First find the line with "The Evil Ring Chapter 21, page 95 of 101", then reproduce it and all following lines of the data to the end, exactly and with no pictures, adding nothing.

+---+

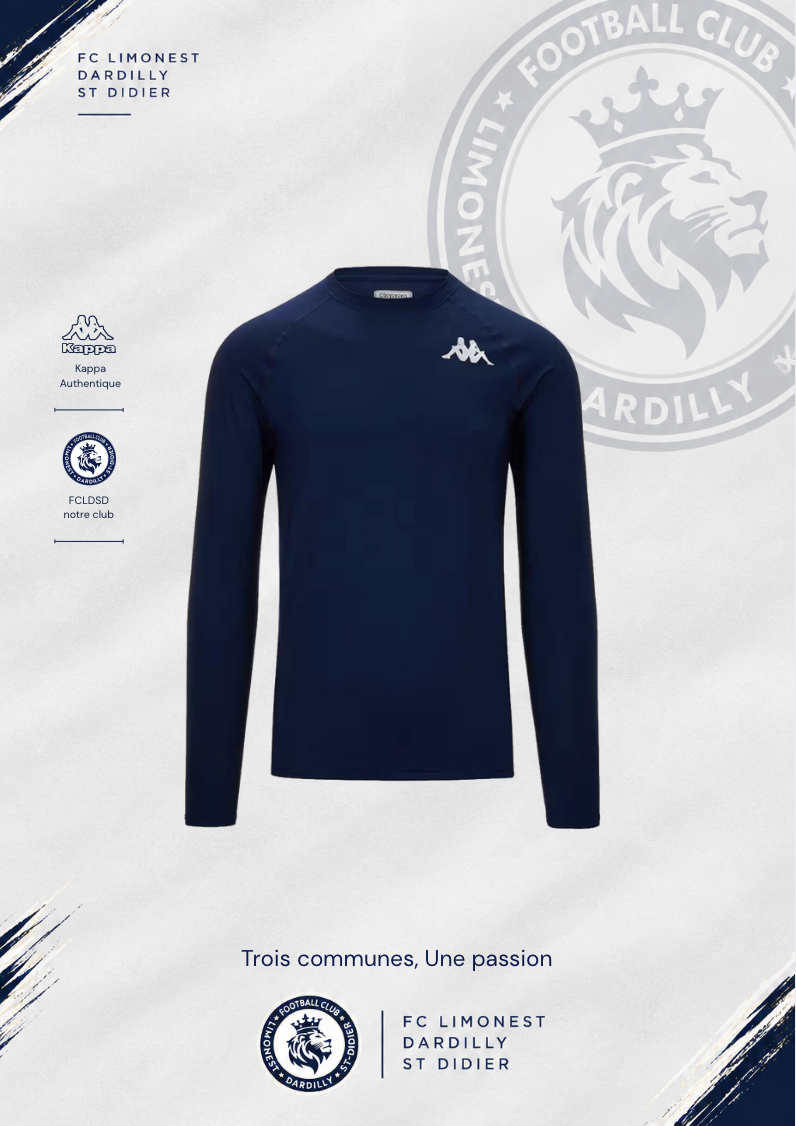Pack Performance Enfant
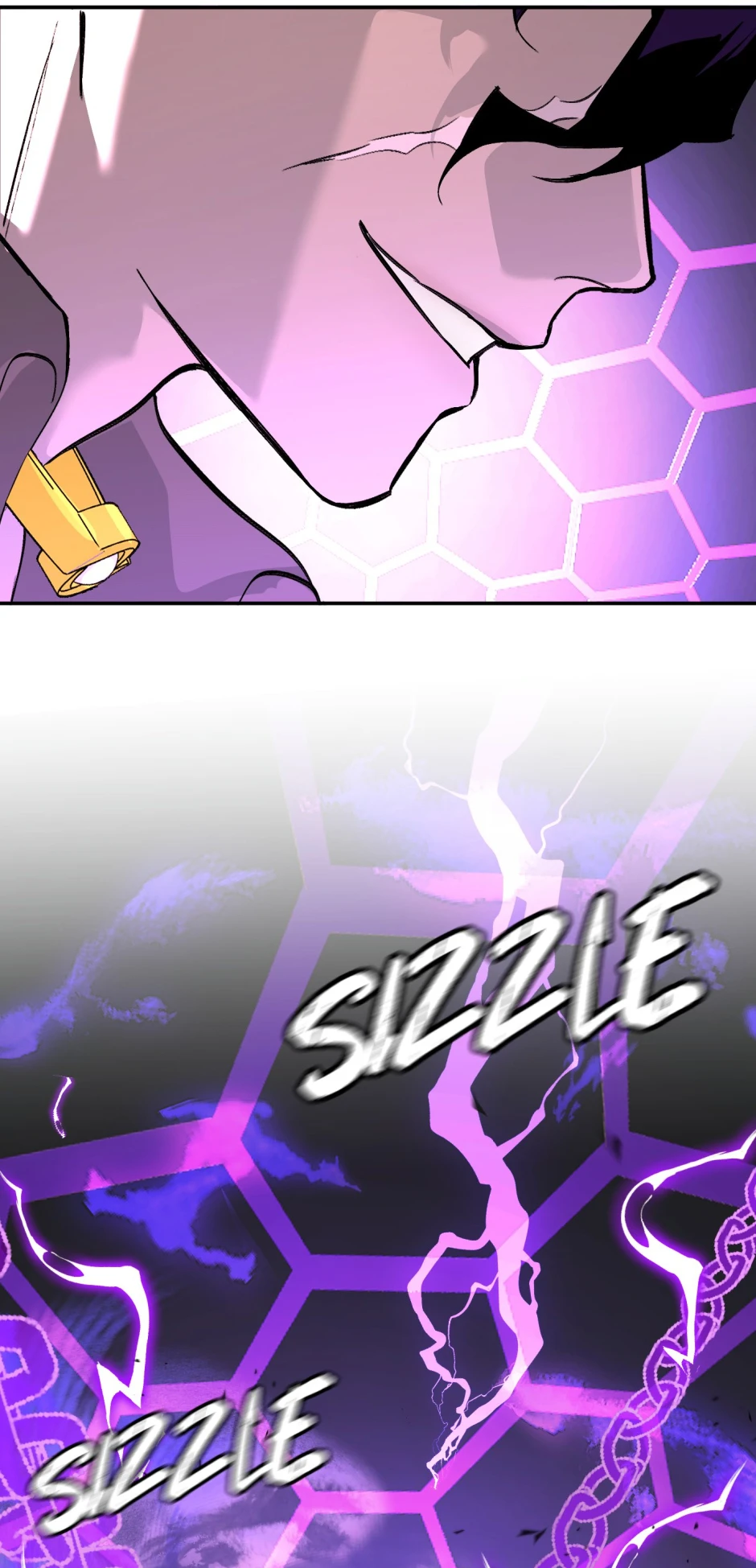The Evil Ring Chapter 21, page 95 of 101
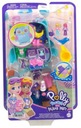 Polly Pocket Pyžamo párty sovy HKV37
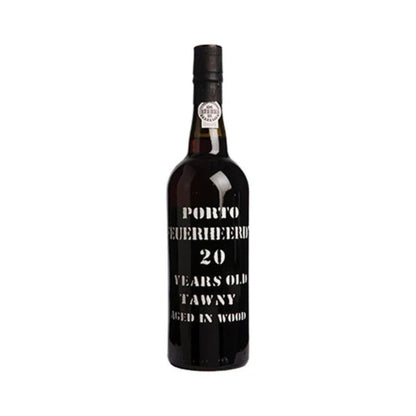 Vinho do Porto Feuerheerd’s Tawny 20 Anos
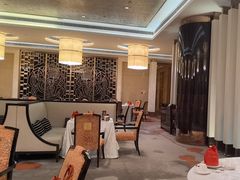 -酌宴府The China Club·广州万富希尔顿酒店(云城东路店)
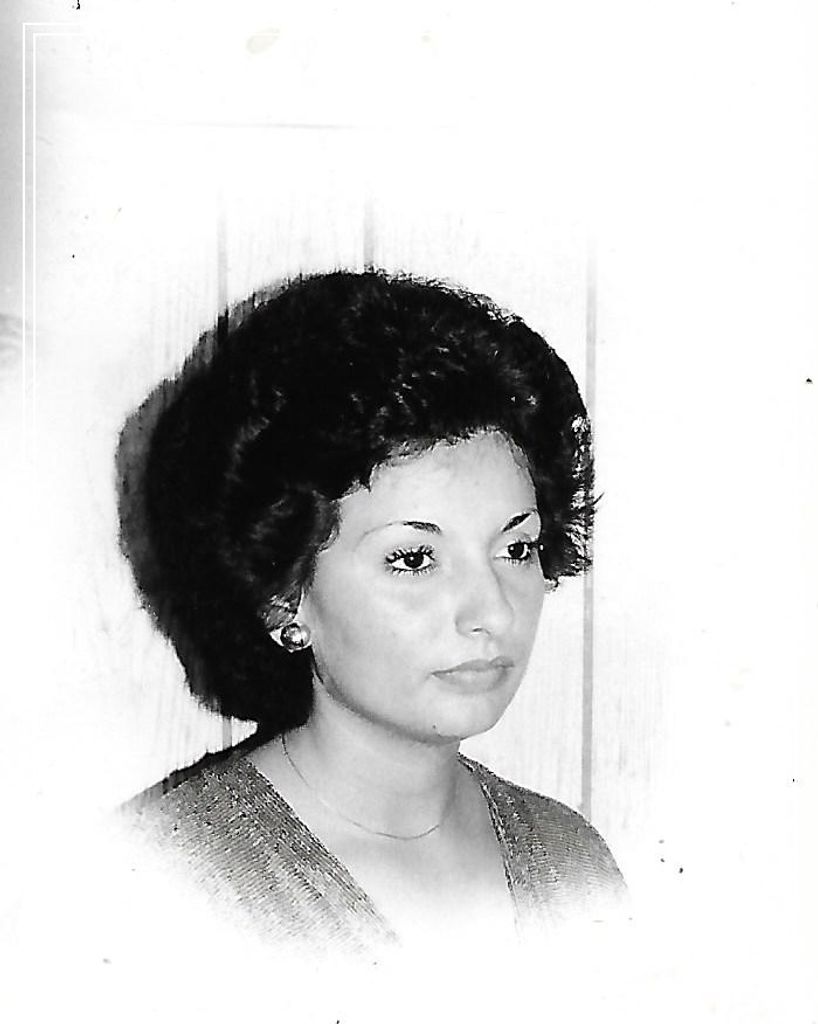 Sofia Martinez Richard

+---+

RESPONSE BOX
The Evil Ring Chapter 21, page 95 of 101
 Polly Pocket Pyžamo párty sovy HKV37
 Vinho do Porto Feuerheerd’s Tawny 20 Anos
 -酌宴府The China Club·广州万富希尔顿酒店(云城东路店)
 Sofia Martinez Richard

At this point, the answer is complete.